## Task objective
Write exactly the lines running from the start of the material below to the line that includes "Building Photo - Updated", and include no pictures.

** Supplied material follows **

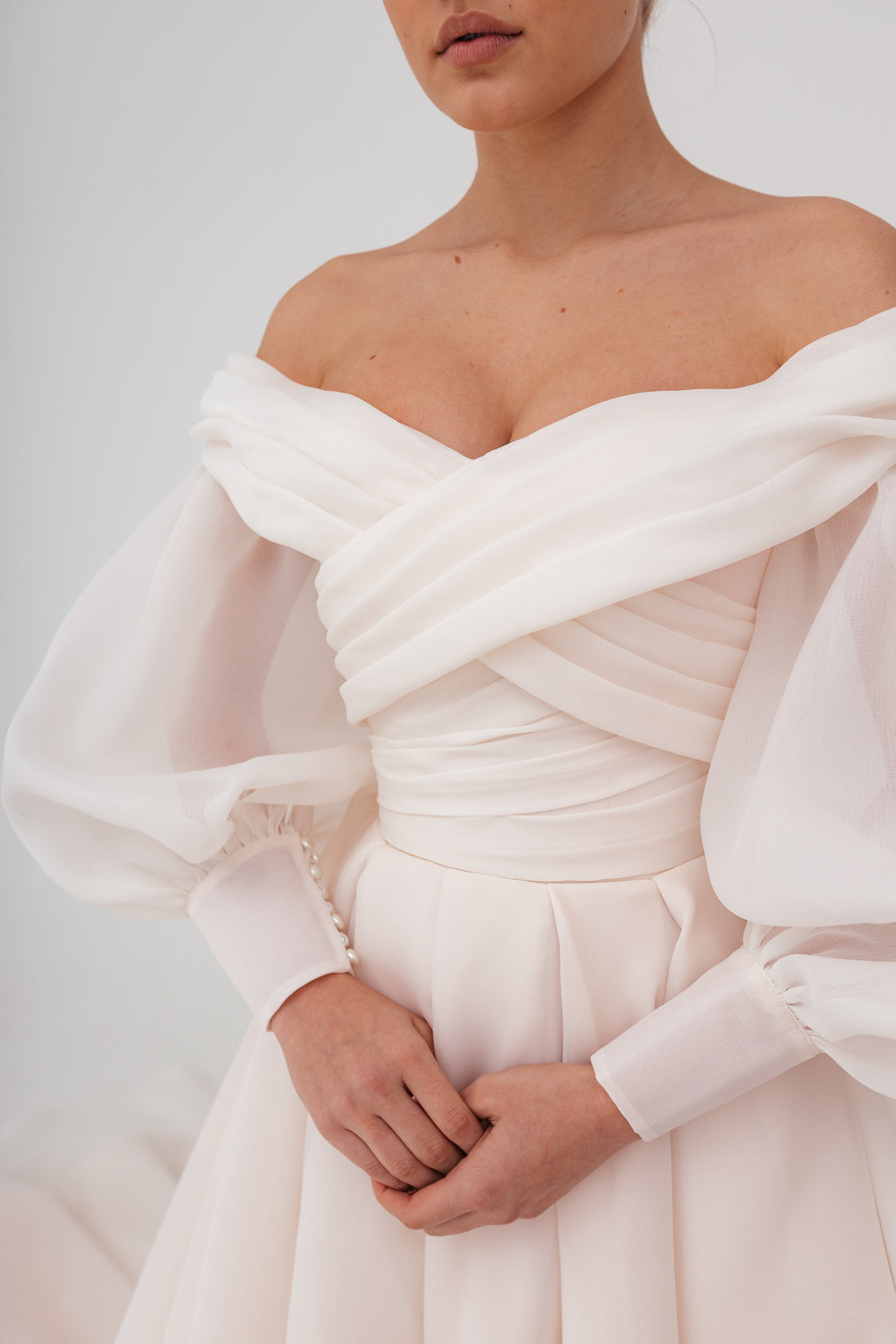 Off-the-Shoulder Organza Ballgown Wedding Dress Puff Sleeves Bow Back High Slit Cathedral Train Bridal Gown
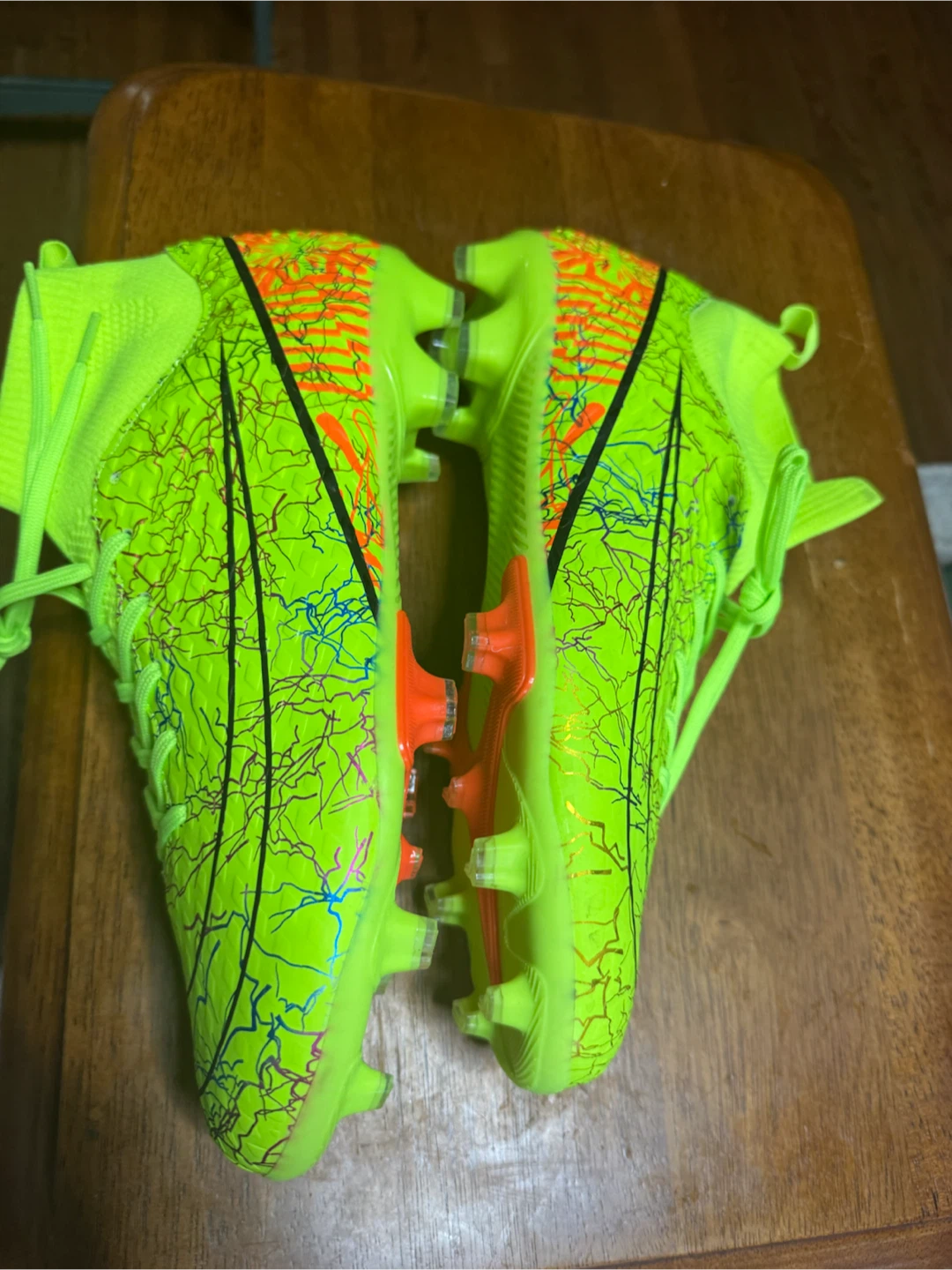 Men’s Soccer Cleats Neon Green Sz 42, US 9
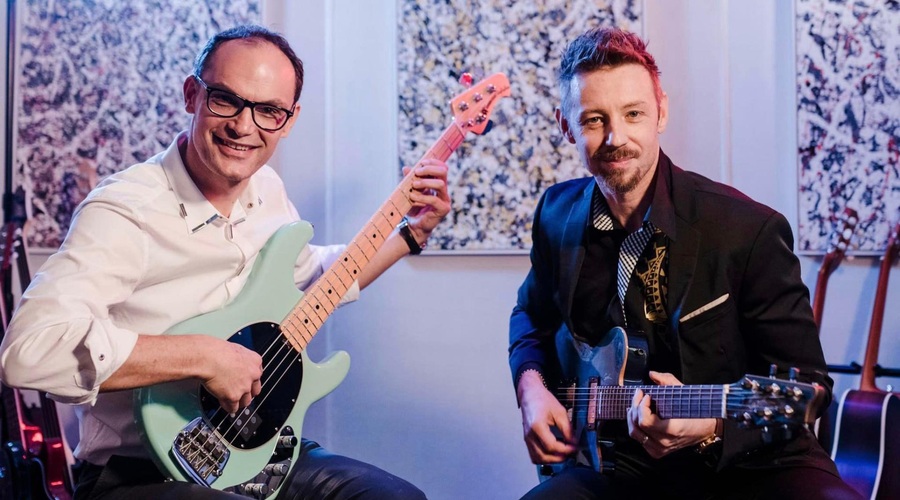 Nov duo na slovenski glasbeni sceni? Nesojena predsednika združujeta moči za dober namen (FOTO) (foto: Facebook/Gregor Bezenšek ml. - SoulGreg Artist)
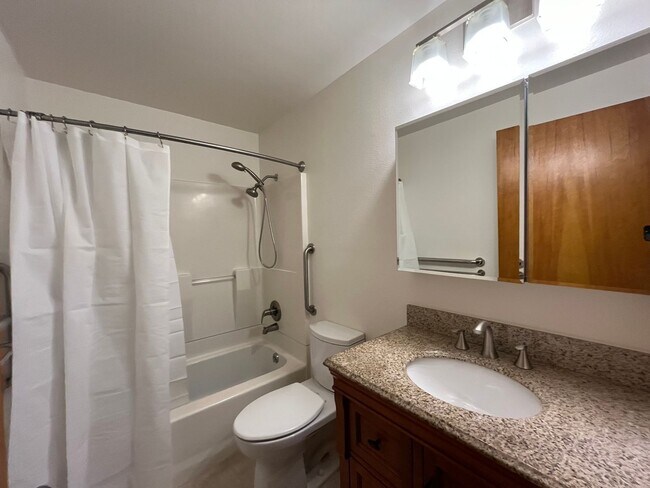 Building Photo - Updated 1st floor 1 X 1 Beaverton Condo! Close to Downtown Beaverton! Spacious & Open, Close to N...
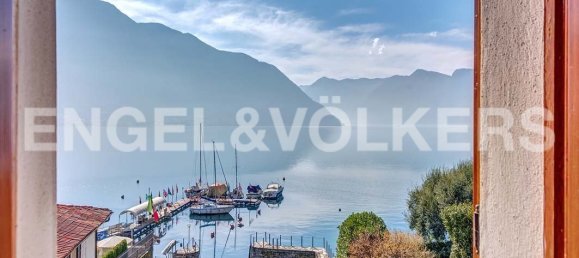 4 bedrooms Villa in Tremezzina, Italy No. 127848 18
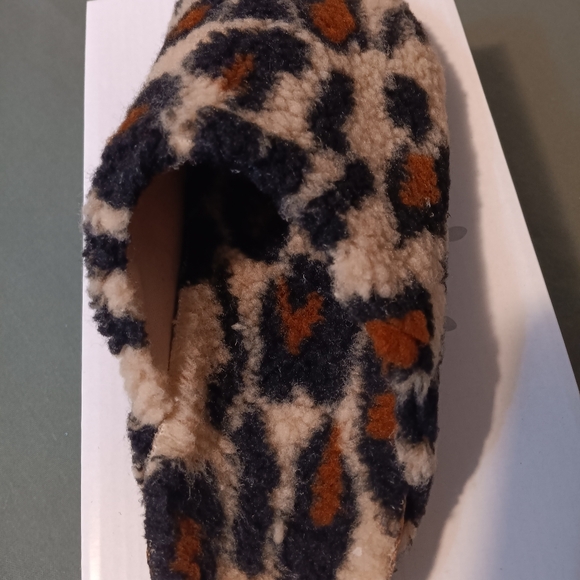 Women's Slippers - Picture 2 of 7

** End of Supplied material **

## Solution
 Off-the-Shoulder Organza Ballgown Wedding Dress Puff Sleeves Bow Back High Slit Cathedral Train Bridal Gown
 Men’s Soccer Cleats Neon Green Sz 42, US 9
 Nov duo na slovenski glasbeni sceni? Nesojena predsednika združujeta moči za dober namen (FOTO) (foto: Facebook/Gregor Bezenšek ml. - SoulGreg Artist)
 Building Photo - Updated 1st floor 1 X 1 Beaverton Condo! Close to Downtown Beaverton! Spacious & Open, Close to N...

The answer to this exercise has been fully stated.